"""

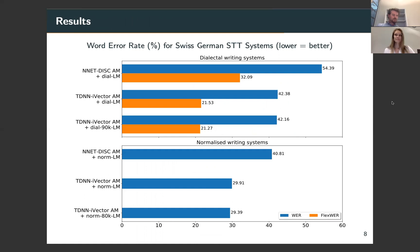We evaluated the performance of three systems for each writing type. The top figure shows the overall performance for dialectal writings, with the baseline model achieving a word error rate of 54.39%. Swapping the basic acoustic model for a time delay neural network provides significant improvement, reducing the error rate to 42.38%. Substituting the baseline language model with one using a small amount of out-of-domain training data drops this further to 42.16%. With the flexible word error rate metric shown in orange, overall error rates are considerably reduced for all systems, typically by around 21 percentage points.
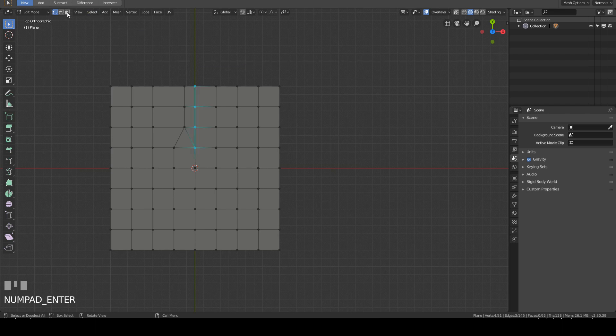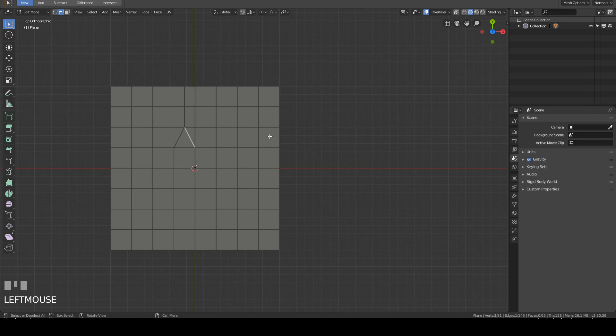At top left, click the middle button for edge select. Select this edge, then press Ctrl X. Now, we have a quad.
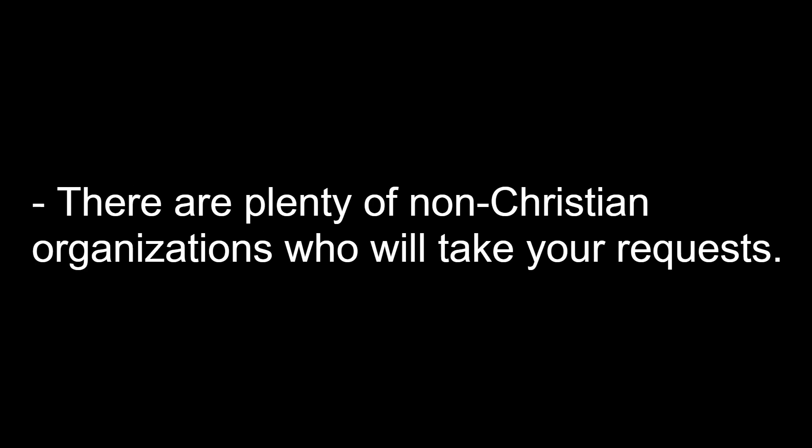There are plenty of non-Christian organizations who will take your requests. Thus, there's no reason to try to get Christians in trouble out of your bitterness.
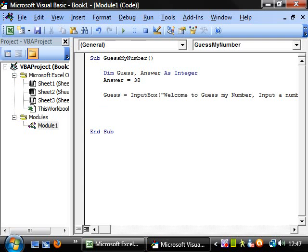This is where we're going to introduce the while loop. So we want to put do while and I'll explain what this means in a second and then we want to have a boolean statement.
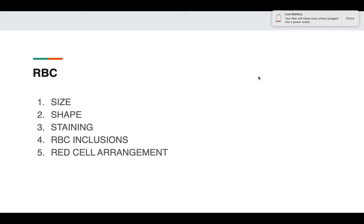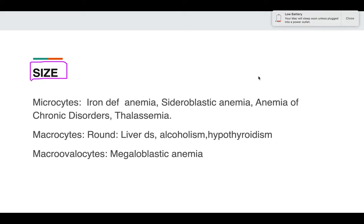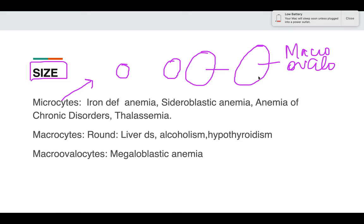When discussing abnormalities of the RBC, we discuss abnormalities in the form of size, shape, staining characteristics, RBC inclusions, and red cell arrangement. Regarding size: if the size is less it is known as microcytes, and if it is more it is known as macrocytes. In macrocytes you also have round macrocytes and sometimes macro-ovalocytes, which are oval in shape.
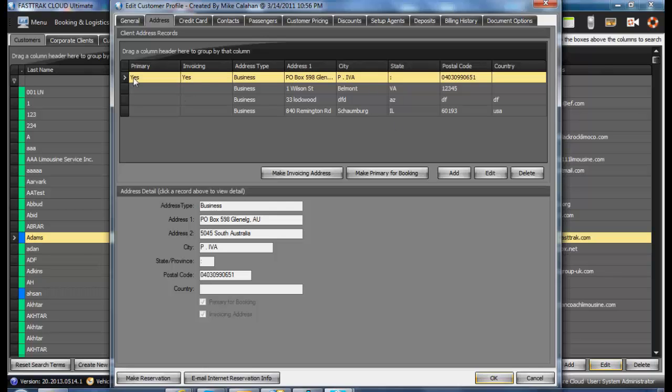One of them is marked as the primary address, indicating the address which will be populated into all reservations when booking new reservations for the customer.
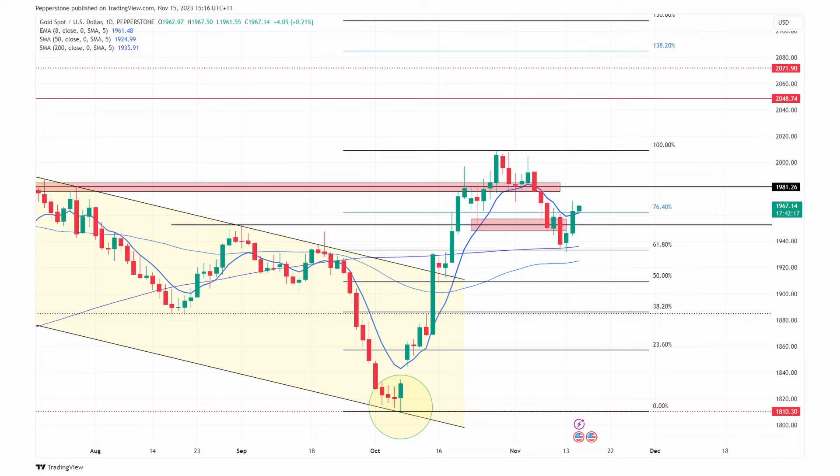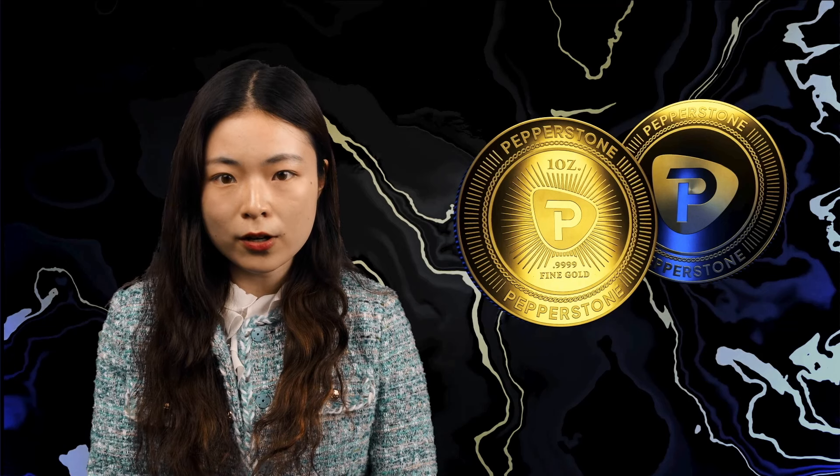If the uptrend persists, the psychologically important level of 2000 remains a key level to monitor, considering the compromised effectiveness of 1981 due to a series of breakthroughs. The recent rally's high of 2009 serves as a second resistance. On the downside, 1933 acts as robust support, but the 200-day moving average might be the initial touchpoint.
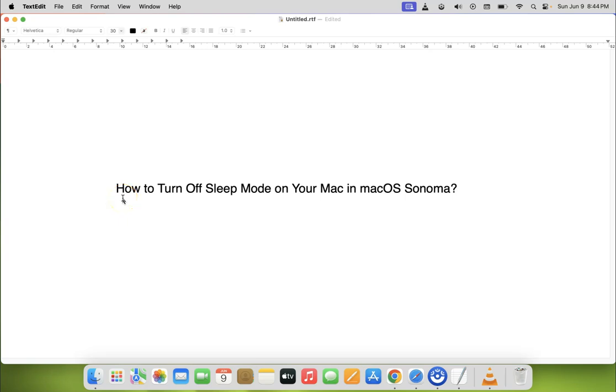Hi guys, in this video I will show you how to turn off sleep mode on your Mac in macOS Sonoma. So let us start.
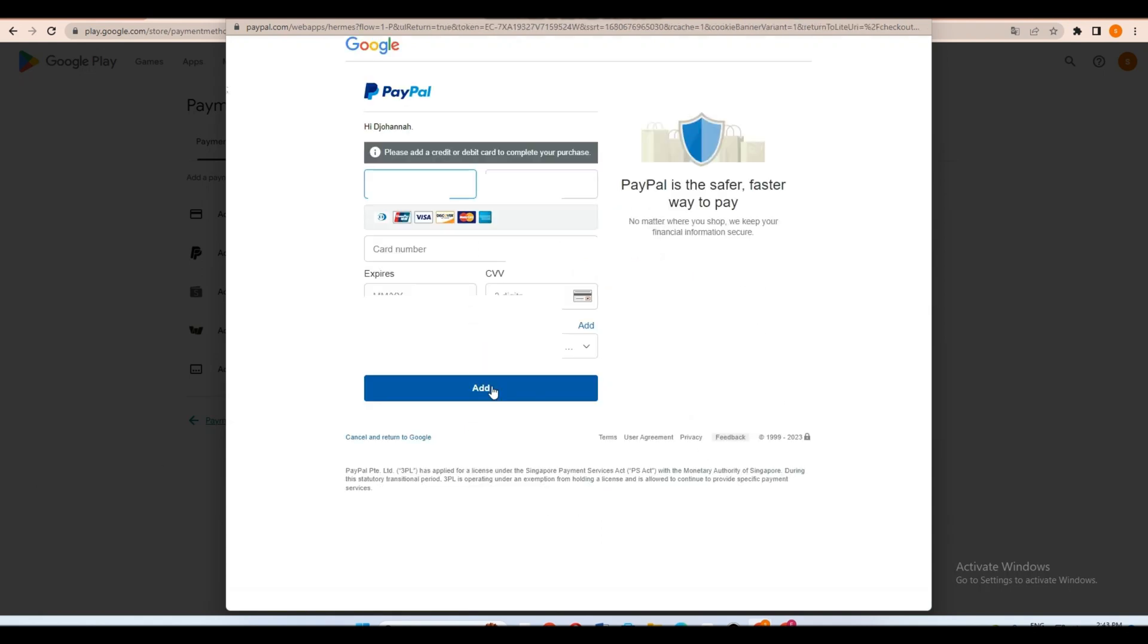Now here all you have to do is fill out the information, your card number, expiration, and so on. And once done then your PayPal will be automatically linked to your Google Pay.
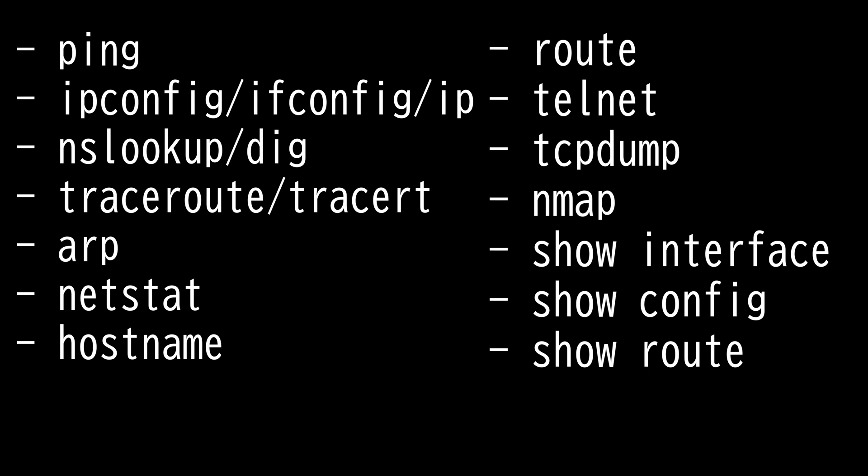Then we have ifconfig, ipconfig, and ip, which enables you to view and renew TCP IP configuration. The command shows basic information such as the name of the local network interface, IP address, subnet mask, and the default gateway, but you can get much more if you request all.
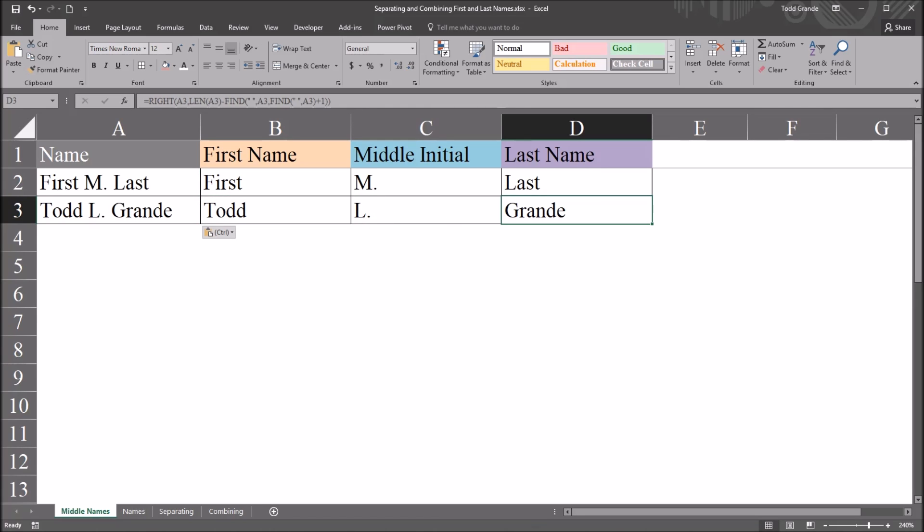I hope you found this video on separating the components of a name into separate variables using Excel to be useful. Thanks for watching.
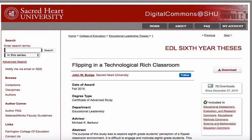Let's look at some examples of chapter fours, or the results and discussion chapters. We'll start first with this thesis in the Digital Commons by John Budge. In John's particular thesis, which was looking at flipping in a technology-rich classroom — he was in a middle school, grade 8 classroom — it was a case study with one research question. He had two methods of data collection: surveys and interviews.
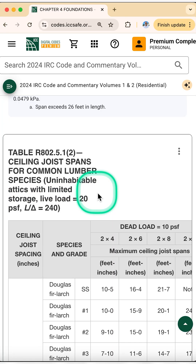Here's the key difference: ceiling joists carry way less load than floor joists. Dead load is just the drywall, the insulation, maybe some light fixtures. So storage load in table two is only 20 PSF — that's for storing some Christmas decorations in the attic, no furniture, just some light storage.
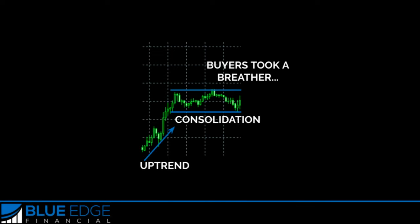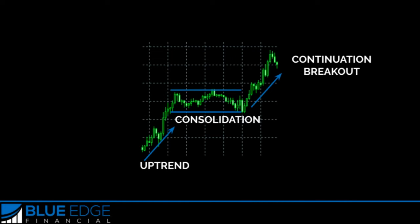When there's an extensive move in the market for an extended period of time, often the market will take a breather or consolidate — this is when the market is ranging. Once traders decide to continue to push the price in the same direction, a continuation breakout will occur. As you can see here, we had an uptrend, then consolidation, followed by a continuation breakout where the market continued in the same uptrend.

"""

ABOUT THIS TASK —
Working from the records above, set down word for word everything from the line containing "Now here all" down to the line containing "Let's look at", ends included, minus the pictures.

EXERCISE OUTPUT —
Now here all you have to do is fill out the information, your card number, expiration, and so on. And once done then your PayPal will be automatically linked to your Google Pay.
Then we have ifconfig, ipconfig, and ip, which enables you to view and renew TCP IP configuration. The command shows basic information such as the name of the local network interface, IP address, subnet mask, and the default gateway, but you can get much more if you request all.
I hope you found this video on separating the components of a name into separate variables using Excel to be useful. Thanks for watching.
Let's look at some examples of chapter fours, or the results and discussion chapters. We'll start first with this thesis in the Digital Commons by John Budge. In John's particular thesis, which was looking at flipping in a technology-rich classroom — he was in a middle school, grade 8 classroom — it was a case study with one research question. He had two methods of data collection: surveys and interviews.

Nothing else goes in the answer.